Rancangan KHUP berisi pasal karet yang akan menjerat para pengkritik pemerintah dan presiden/wakil presiden. Ini yang semakin menguatkan para mahasiswa bahwa Jokowi mempersiapkan rezim anti kritik dan menjadi penanda lahirnya kembali rezim otoriter new orde baru.

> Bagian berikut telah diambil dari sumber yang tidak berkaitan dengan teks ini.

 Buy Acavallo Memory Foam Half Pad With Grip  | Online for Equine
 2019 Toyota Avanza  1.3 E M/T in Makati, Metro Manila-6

Yang membuat marah mahasiswa memuncak adalah Revisi UU KPK yang sudah ditetapkan jadi UU. Hal ini akan mengebiri lembaga anti raswah ini untuk memberantas korupsi. Adanya institusi Dewan Pengawas dirasa akan mematikan pergerakan KPK untuk memberantas korupsi. Termasuk terpilihnya Firli yang penuh kontroversi menjadi sasaran kritik mahasiswa.
Pergerakan mahasiswa disinyalir tak akan berhenti sampai tuntutan mereka tercapai. Dan benar adanya, Senin 23 September, Yogya bergerak, Malang bergerak, Cirebon bergerak, Jember bergerak, Kaltim bergerak. Informasi yang berkembang gerakan ini akan terus naik sampai Oktober dan memuncak panas.
Korupsi memang menjadi masalah berat negeri ini. Paparan virus korupsi telah menjangkiti hampir seluruh sendi negeri ini. Adanya institusi KPK dianggap menjadi satu-satunya jalan pemberantasan korupsi. Jadi kalo KPK dimatikan maka ini sama saja negeri ini dibuka lebar-lebar untuk dikuasai para koruptor.
Tetapi muncul pertanyaan menggelitik, mengapa korupsi kecil-kecil yang dibabat sama KPK? Bagaimana kabar skandal BLBI, Century, E-KTP, penyelewengan dana desa dan skandal korupsi besar lainnya?
Disinilah akhirnya menjadi beban masalah berikutnya. Tebang pilih kasus dapat dilihat oleh publik. Wajar bila kemudian publik beranggapan bahwa lembaga anti raswah ini juga syarat kepentingan para elit. Sampai kemudian muncul seloroh “Siapa yang menguasai Kuningan maka dia yang menguasai negeri”.